If Kenya’s response to Westgate was the precedent in their approach to combating Islamic extremism, and their early actions post-Garissa are anything to go by, then it is only a matter of time until news of another attack punctuates our headlines and is skimmed by a public increasingly losing the energy to comprehend the dynamics and drivers of a seemingly endless string of terror attacks.

The Kenyan government is either unable or unwilling to learn from its past mistakes in combating the country’s growing problem of religious extremism. Its current mode of thinking around the issue is both antiquated and counter-productive. Ignored by President Uhuru Kenyatta, there is an increasing wealth of in-depth qualitative research published, where members of Al-Shabab have been interviewed at length on their motivations for joining the organisation, along with established empirical evidence which shows that state-sponsored violence disproportionally used against vulnerable communities to be highly correlative in the majority of countries which experience high levels of terrorist attacks.

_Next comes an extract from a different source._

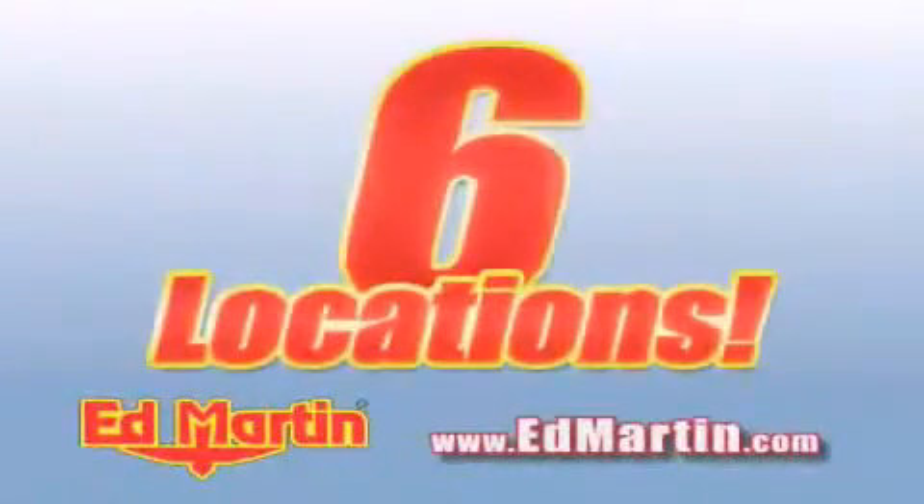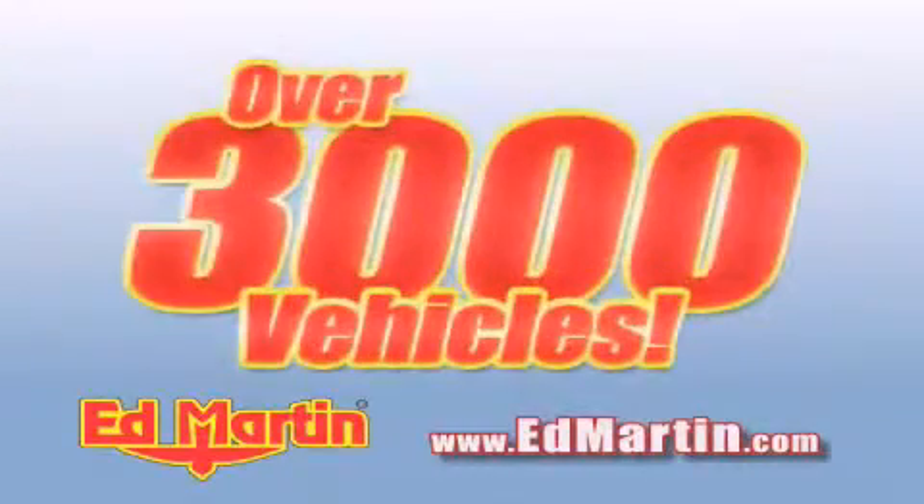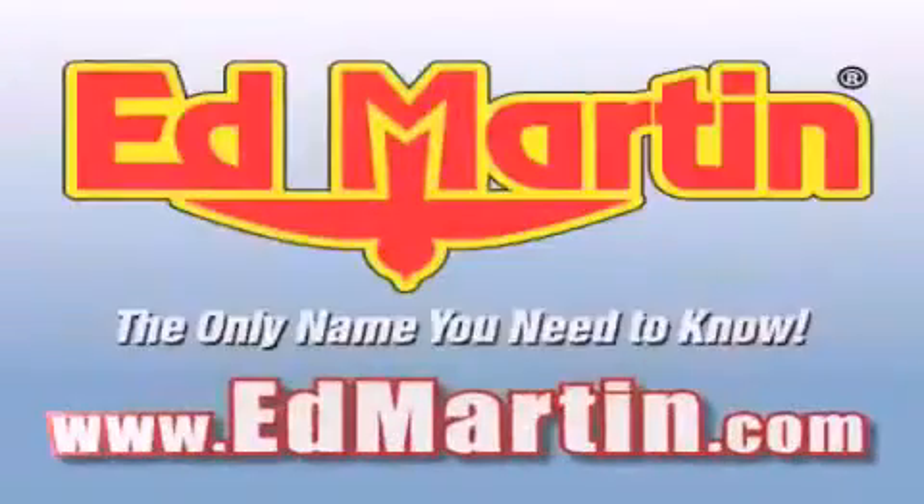Six convenient locations, nine different manufacturers, over 3,000 new and used vehicles, all online at edmartin.com. Log on to edmartin.com today.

For example, in a 2013 study by Anneli Botha, where 110 members associated with Al-Shabab and the Mombasa Republican Council (MRC) were interviewed, it was found that overwhelmingly the perception that the government was unfairly imposing collective punishment on Muslim immigrants to be a primary motivating factor in recruitment. The MRC frequently cites structural and political disenfranchisement as their reason for wanting to succeed from Kenya.

Recent research, like the above mentioned, has generated new counter-terrorism approaches that favour a surgical use of force in conjunction with broader social strategies to reconcile alienated communities and address key grievances in a manner that keeps conflicted parties in dialogue rather than leaving violence alone as the only recourse of action. Kenya has decided to take another direction.

Since the September 2013 Westgate Mall attack, there has been a wholesale targeting of an already vulnerable and marginalised Somali immigrant community. Amnesty International reported that Operation Uslama Watch, developed by the government as a counter-terrorism programme following two Al-Shabab March attacks, led to thousands of arrests, ill-treatment, forcible relocations and unlawful expulsions of Somalia immigrants. And in 2011, Kenya used the kidnapping of two women working for Medecins Sans Frontieres as an excuse to launch Operation Linda Nchi which saw Kenyan military forces cross into Somalia and, usually brutally, clear border towns of Al-Shabab fighters.

Following the Garissa university attack, the Kenyan government seems to be falling back on the same heavy-handed approach. Last week, Deputy President William Ruto issued a bombastic statement to the United Nations to shut down the Dadaab Refugee Camp and resettle its inhabitants within three months or have Kenya shut it down itself — describing the camp as a breeding ground for terrorists. Dadaab is the world’s biggest refugee camp with estimates of its population to be somewhere north of 350 000. Most of the camp’s inhabitants are Somali refugees forced to flee their homes as a result of the chronic violence and poverty that has characterized the notorious failed state. Many have been living in Dadaab for well over a decade. If Ruto thinks Dadaab generates terrorism what does he imagine unfairly profiling and forcibly relocating its 350 000, mostly Muslim, mostly desperately poor and unemployed inhabitants will do?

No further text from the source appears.